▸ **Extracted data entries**
----------------------------------------

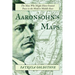 Aaronsohn's Maps: The Man Who Might Have Created Peace in the Modern Middle East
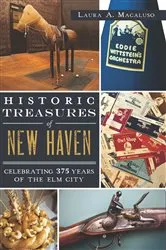 Book cover of Historic Treasures of New Haven by Laura A. Macaluso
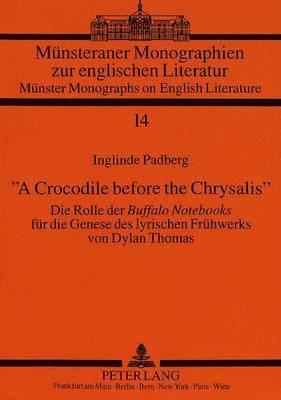 bokomslag 'A Crocodile before the Chrysalis'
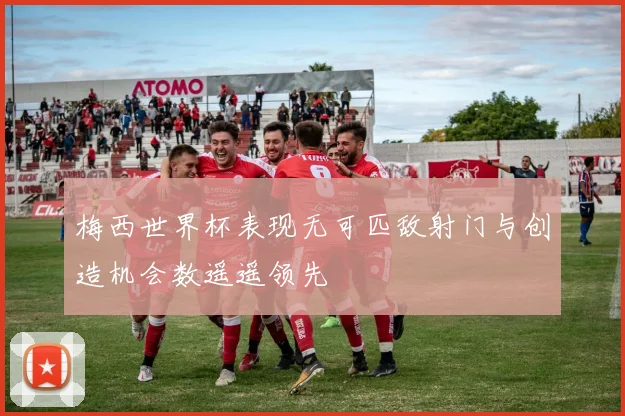梅西世界杯表现无可匹敌射门与创造机会数遥遥领先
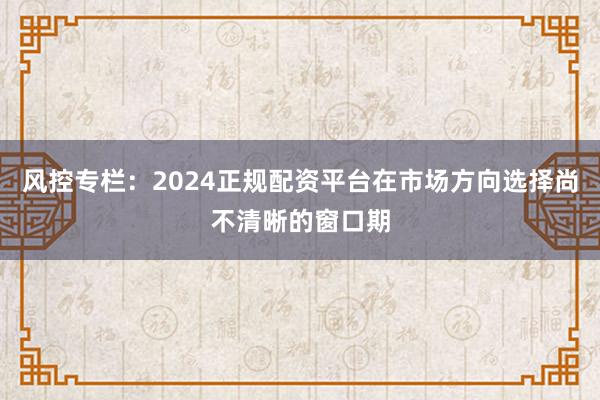 风控专栏：2024正规配资平台在市场方向选择尚不清晰的窗口期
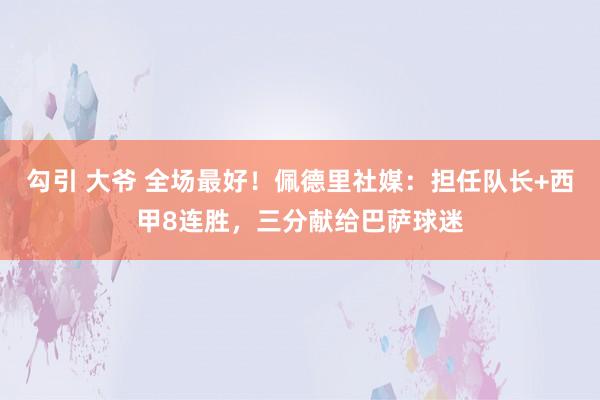勾引 大爷 全场最好！佩德里社媒：担任队长+西甲8连胜，三分献给巴萨球迷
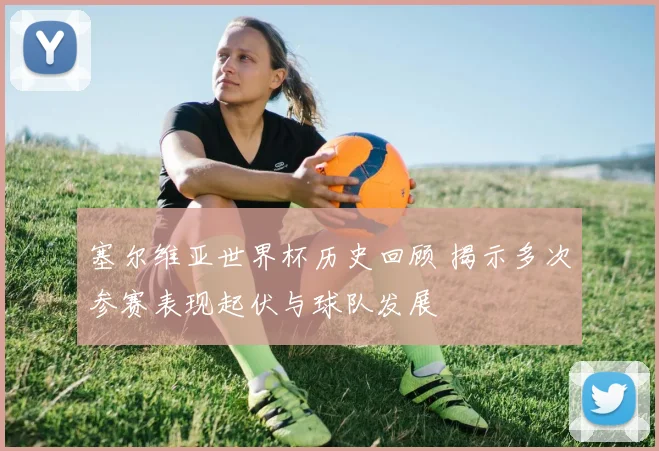 塞尔维亚世界杯历史回顾 揭示多次参赛表现起伏与球队发展
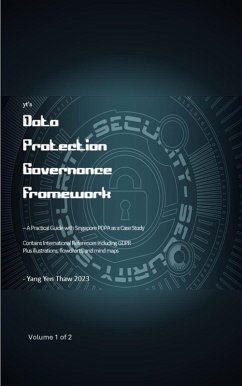 yt's Data Protection Governance Framework Volume 1 of 2 (eBook, ePUB) - Thaw, Yang Yen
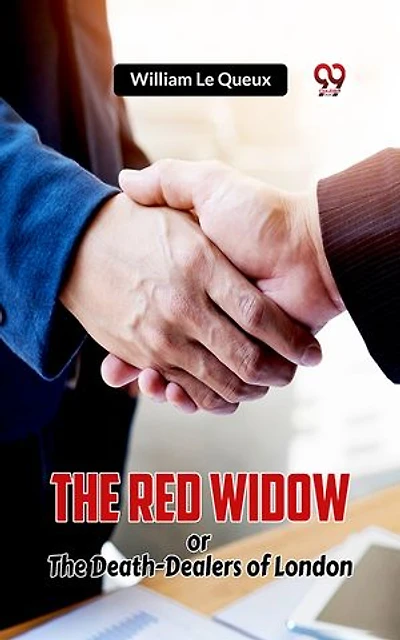 The Red Widow Or The Death-Dealers Of London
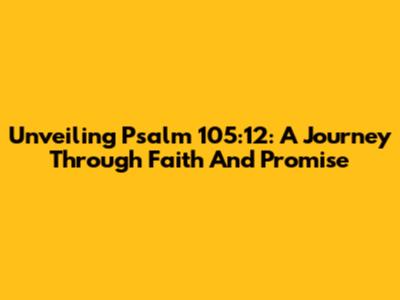Unveiling Psalm 105:12: A Journey Through Faith And Promise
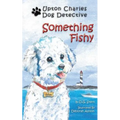 Something Fishy: Upton Charles-Dog Detective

----------------------------------------

▸ **Work item**
Retype the data exactly; images stay out.

▸ **Exercise answer**
 Aaronsohn's Maps: The Man Who Might Have Created Peace in the Modern Middle East
 Book cover of Historic Treasures of New Haven by Laura A. Macaluso
 bokomslag 'A Crocodile before the Chrysalis'
梅西世界杯表现无可匹敌射门与创造机会数遥遥领先
 风控专栏：2024正规配资平台在市场方向选择尚不清晰的窗口期
勾引 大爷 全场最好！佩德里社媒：担任队长+西甲8连胜，三分献给巴萨球迷
 塞尔维亚世界杯历史回顾 揭示多次参赛表现起伏与球队发展
 yt's Data Protection Governance Framework Volume 1 of 2 (eBook, ePUB) - Thaw, Yang Yen
 The Red Widow Or The Death-Dealers Of London
Unveiling Psalm 105:12: A Journey Through Faith And Promise
 Something Fishy: Upton Charles-Dog Detective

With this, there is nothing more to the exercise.